## Material provided
-- Opening Marker --
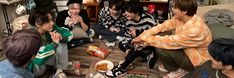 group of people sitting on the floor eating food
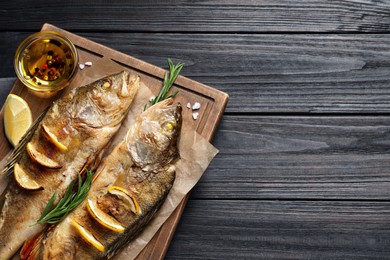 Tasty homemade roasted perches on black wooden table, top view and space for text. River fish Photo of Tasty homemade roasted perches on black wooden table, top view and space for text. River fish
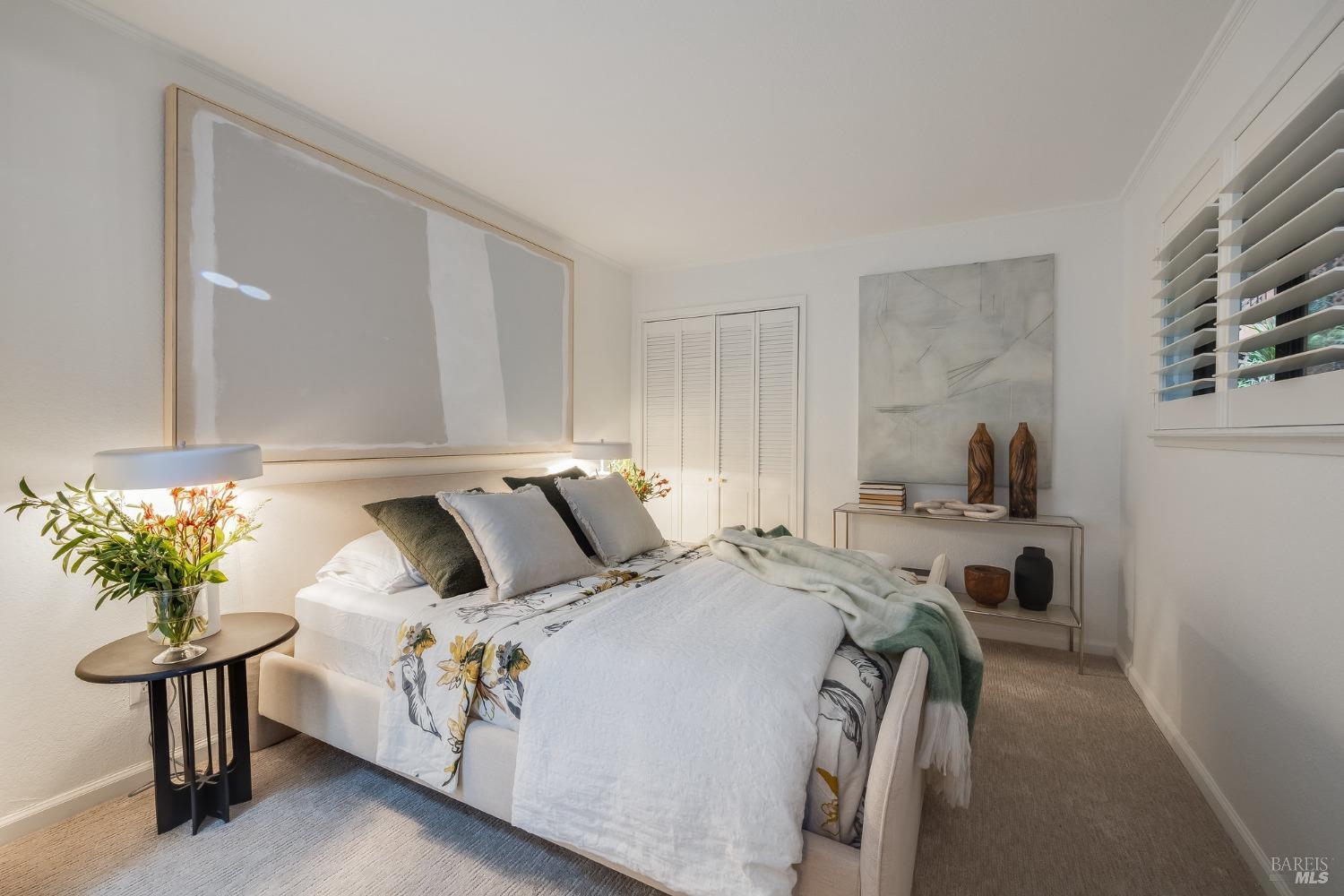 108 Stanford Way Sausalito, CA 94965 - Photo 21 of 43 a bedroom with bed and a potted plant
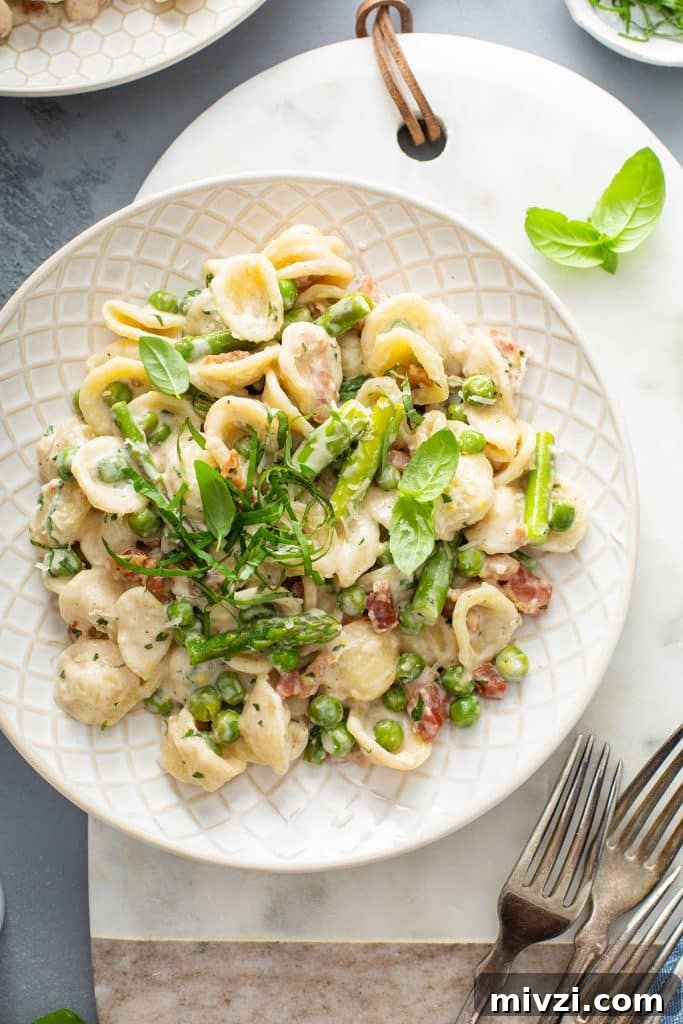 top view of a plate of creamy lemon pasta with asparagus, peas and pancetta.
-- Closing Marker --
-- Opening Marker --
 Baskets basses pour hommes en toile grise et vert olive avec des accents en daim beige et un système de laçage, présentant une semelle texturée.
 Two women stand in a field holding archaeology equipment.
-- Closing Marker --
## Problem description
Now transcribe the lines above exactly, starting at the line containing "108 Stanford Way" and ending at the line containing "top view of", both lines included, pictures excluded.

## Answer space
 108 Stanford Way Sausalito, CA 94965 - Photo 21 of 43 a bedroom with bed and a potted plant
 top view of a plate of creamy lemon pasta with asparagus, peas and pancetta.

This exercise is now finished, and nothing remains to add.